Mr. Trump has set in motion a renegotiation of the 23-year-old North American Free Trade Agreement, which has set the ground rules for Detroit and foreign-based auto makers operating in the U.S., Canada and Mexico.
The SUVs assembled at GM's Arlington plant have among the highest Mexican content of any vehicles produced in North America, according to the National Highway Traffic Safety Administration. The SUVs contain 49% U.S.-or Canada-made components, while 38% of the parts come from Mexico, the agency says.
Among U.S. officials' most frequently mentioned objectives for Nafta talks is a revamp of the "rules of origin," which regulate how much of a car -- or auto part -- must be produced in North America to be eligible for duty-free shipment across the Mexican or Canadian borders.
Shifting some parts production north to Texas reduces the risk of costs related to a border tax that U.S. lawmakers have proposed, potential tariffs Mr. Trump has threatened, or a newly negotiated Nafta. Mr. Trump has even threatened to pull the U.S. out of Nafta, a move that would likely result in immediate tariffs at the border.

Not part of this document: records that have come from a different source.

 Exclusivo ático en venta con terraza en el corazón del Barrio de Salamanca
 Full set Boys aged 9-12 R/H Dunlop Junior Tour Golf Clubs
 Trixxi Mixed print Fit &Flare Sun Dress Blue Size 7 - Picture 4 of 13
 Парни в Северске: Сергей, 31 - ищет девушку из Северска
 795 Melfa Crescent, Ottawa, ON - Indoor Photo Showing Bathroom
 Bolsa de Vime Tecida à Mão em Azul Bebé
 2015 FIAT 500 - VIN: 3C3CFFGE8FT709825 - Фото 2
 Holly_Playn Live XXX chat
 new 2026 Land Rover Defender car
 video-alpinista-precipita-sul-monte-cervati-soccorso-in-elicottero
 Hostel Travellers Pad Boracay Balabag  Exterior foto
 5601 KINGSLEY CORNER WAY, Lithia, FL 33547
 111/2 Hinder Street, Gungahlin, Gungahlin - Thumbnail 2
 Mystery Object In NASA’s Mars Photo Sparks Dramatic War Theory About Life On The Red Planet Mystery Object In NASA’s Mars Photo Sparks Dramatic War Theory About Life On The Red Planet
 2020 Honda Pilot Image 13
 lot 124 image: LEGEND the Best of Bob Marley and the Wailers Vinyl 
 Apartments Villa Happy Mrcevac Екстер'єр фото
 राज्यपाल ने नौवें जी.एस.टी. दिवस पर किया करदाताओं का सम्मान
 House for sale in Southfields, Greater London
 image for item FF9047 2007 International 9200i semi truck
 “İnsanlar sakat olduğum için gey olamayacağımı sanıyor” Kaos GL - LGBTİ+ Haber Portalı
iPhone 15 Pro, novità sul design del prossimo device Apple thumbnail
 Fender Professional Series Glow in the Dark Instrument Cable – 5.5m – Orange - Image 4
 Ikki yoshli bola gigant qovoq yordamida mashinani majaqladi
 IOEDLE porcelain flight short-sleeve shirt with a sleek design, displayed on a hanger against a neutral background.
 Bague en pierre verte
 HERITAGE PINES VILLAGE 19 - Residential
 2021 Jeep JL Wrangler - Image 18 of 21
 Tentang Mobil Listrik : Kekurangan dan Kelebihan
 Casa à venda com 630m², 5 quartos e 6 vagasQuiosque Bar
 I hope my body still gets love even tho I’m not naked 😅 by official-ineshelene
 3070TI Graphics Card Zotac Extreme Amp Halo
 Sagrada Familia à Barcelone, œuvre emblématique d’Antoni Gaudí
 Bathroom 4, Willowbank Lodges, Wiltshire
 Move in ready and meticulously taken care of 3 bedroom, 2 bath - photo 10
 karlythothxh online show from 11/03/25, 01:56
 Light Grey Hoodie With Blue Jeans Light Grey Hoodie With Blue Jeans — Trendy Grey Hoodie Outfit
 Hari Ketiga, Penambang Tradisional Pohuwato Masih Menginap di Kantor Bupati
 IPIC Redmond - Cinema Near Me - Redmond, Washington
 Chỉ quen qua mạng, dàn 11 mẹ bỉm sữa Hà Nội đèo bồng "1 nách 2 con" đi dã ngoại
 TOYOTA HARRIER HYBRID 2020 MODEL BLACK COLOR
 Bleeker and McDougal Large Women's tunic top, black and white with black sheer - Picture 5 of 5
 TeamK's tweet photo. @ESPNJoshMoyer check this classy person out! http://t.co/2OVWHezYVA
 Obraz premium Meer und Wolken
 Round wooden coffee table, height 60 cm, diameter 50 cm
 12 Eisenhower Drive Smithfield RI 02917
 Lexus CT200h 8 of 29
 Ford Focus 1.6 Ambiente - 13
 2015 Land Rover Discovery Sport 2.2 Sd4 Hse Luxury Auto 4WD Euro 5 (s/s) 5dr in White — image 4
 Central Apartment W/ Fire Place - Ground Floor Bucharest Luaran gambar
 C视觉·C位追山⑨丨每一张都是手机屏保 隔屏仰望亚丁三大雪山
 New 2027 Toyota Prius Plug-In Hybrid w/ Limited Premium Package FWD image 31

GM Chief Executive Mary Barra is a member of Mr. Trump's business council. The jobs announcement comes as GM trims thousands of assembly jobs in the U.S. to counter sluggish sedan sales.
GM next year will open a 1.2 million square-foot facility on the site of a former retail mall less than 2 miles from the factory. A handful of suppliers are expected to locate in the facility.
IAC supplies some content for the current SUVs, but won more business on the next-generation trucks, which industry analysts expect to go on sale in 2019. IAC will supply the bulk of the truck's interiors, including consoles, instrument panels and door trim.
About 1,250 hourly and salaried workers from IAC and other suppliers will work at the facility. Roughly 600 of those employees will replace work that had previously been done by suppliers in Mexico, GM spokesman Nick Richards said.
GM has located supplier operations near several other U.S. assembly plants in recent years to cut logistics costs, Mr. Kiefer said. The setup reduces inventory, makes it easier to tweak production schedules and can help spot and fix quality lapses more quickly, he said.
The strategy is part of a broader effort by GM to squeeze out $6.5 billion in annual costs by 2018, compared with four years earlier. Mr. Kiefer said savings from supplier parks and other logistical moves is contributing about $1 billion to that goal.
Mr. Kiefer acknowledged that some of those savings are offset by higher labor costs in Texas compared with overseas markets but called it "a positive trade off." He said the creation of U.S. jobs is "a great byproduct" of the strategy but said it wasn't the primary factor.